-- Exercise prompt --
Exactly transcribe the span of lines from the one containing "Callaway Амортизирующие противоскользящие" through the final line of the entries, inclusive, and nothing outside it. Exclude the pictures.

____________

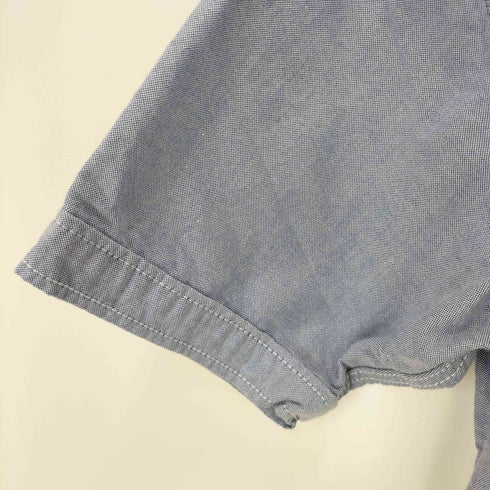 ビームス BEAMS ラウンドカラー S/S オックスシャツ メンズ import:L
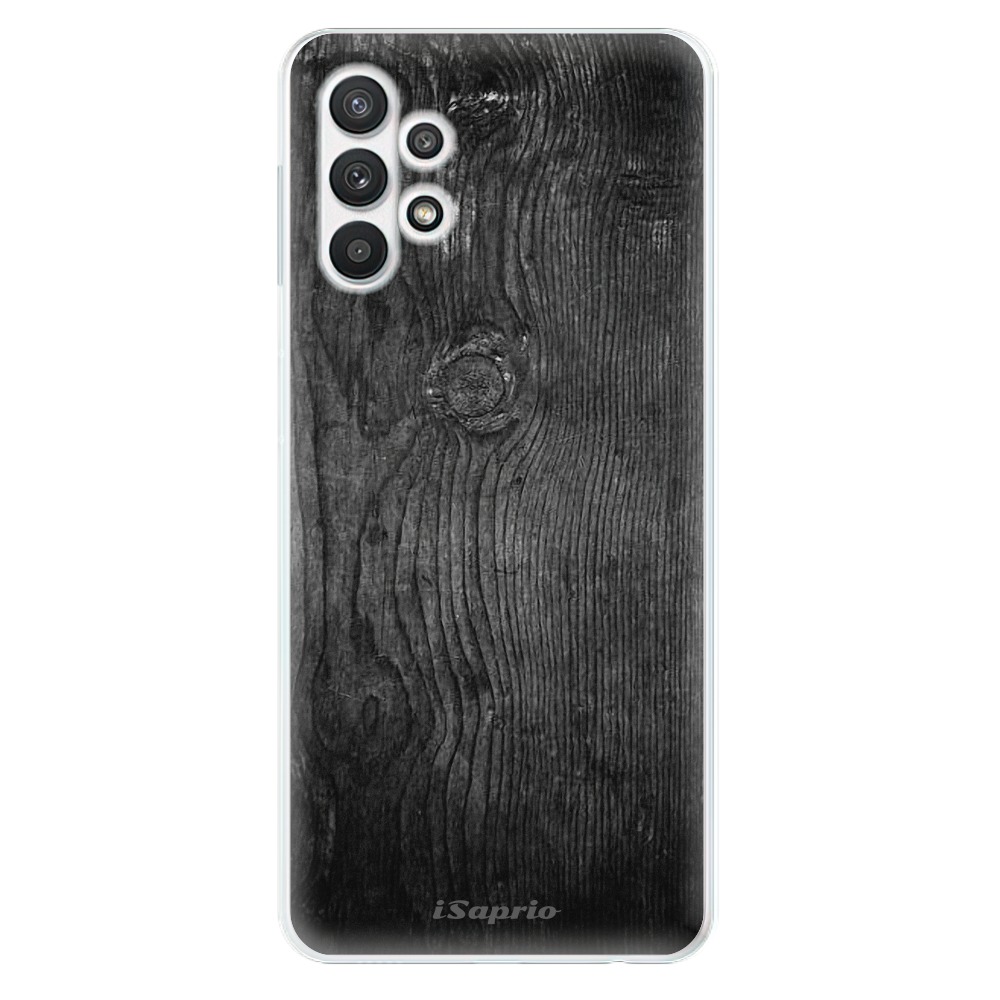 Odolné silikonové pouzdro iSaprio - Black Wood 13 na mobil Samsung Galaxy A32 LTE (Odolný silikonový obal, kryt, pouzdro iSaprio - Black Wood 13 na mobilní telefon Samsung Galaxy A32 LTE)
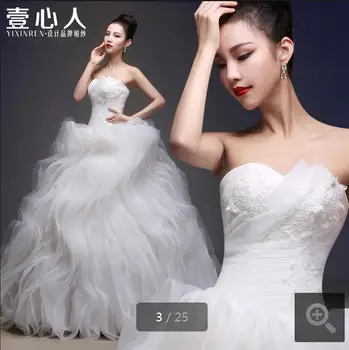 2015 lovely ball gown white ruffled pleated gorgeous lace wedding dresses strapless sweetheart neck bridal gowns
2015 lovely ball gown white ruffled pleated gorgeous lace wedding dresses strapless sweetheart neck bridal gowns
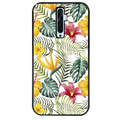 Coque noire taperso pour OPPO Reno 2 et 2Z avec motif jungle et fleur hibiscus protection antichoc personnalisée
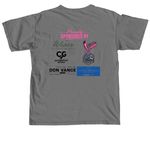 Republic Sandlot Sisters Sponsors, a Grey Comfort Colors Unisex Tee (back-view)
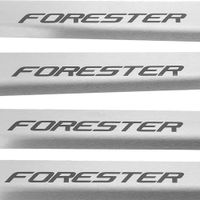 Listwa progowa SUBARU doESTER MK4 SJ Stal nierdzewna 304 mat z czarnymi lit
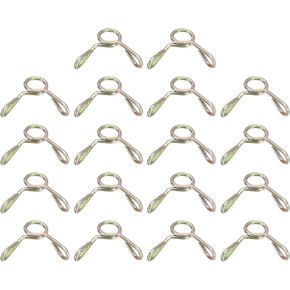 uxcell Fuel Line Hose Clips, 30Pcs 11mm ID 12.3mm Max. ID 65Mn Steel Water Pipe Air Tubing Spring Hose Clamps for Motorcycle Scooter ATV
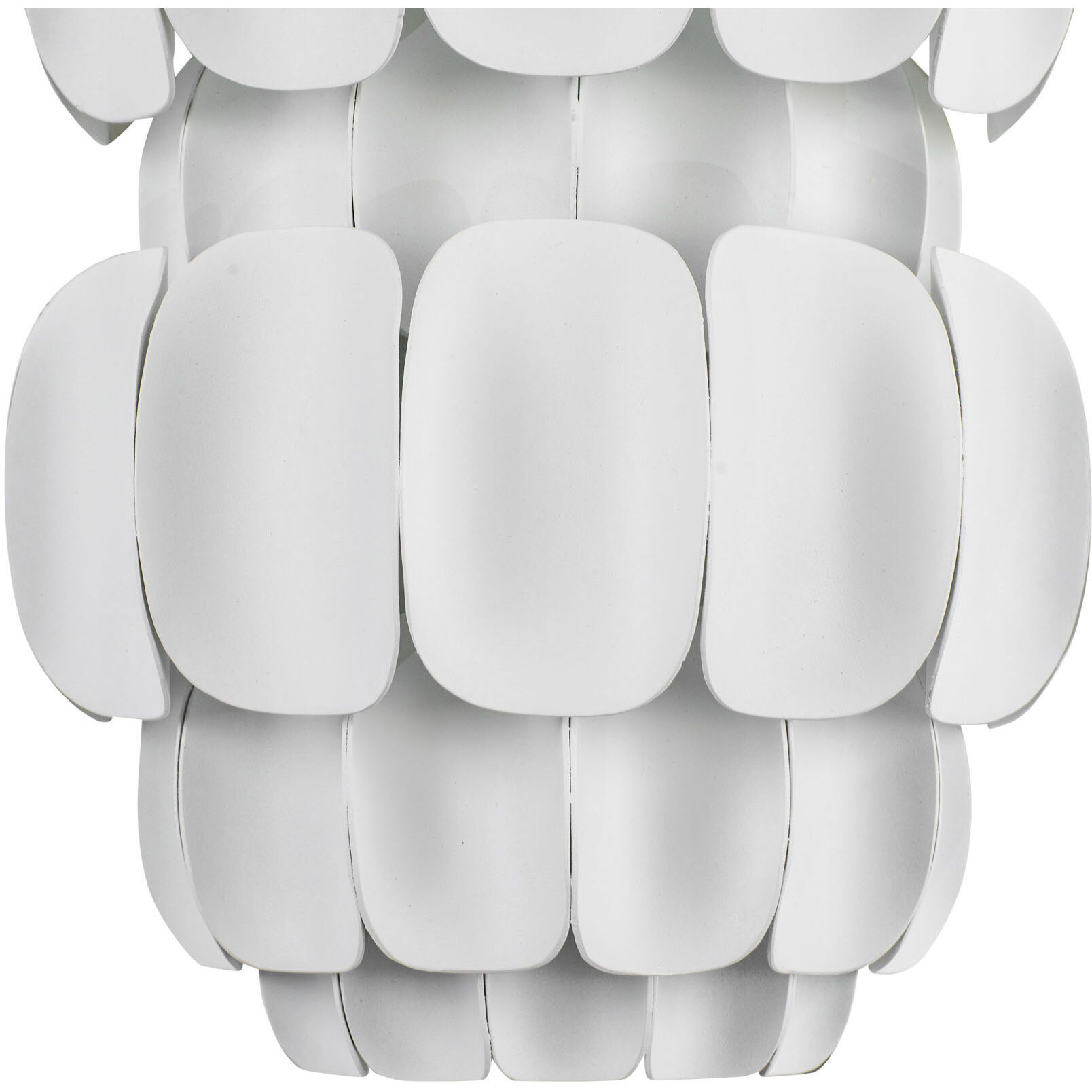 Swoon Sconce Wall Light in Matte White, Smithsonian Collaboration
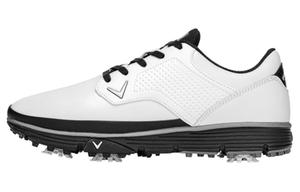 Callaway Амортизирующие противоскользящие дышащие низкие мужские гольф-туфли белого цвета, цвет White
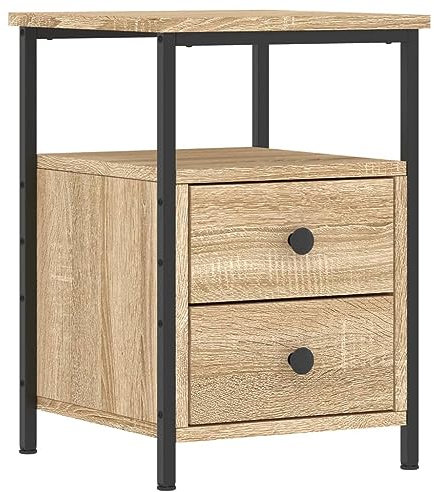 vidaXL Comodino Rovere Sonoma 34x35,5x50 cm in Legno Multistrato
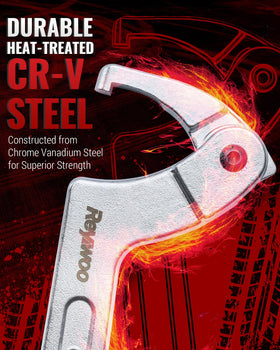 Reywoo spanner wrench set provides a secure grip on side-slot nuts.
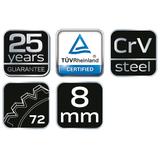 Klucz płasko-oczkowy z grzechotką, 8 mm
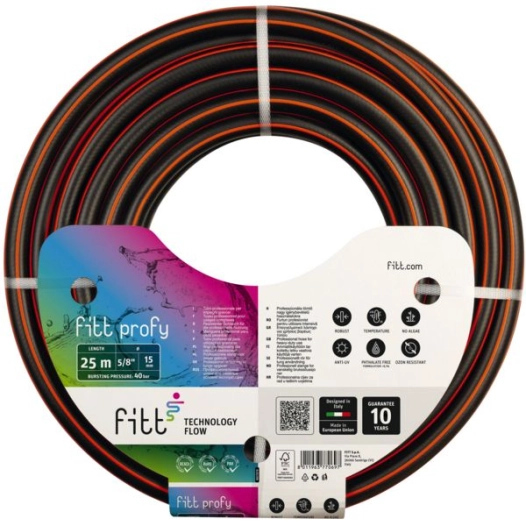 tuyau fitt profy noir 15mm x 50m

____________

-- Solution to the problem --
 Callaway Амортизирующие противоскользящие дышащие низкие мужские гольф-туфли белого цвета, цвет White
 vidaXL Comodino Rovere Sonoma 34x35,5x50 cm in Legno Multistrato
 Reywoo spanner wrench set provides a secure grip on side-slot nuts.
 Klucz płasko-oczkowy z grzechotką, 8 mm
 tuyau fitt profy noir 15mm x 50m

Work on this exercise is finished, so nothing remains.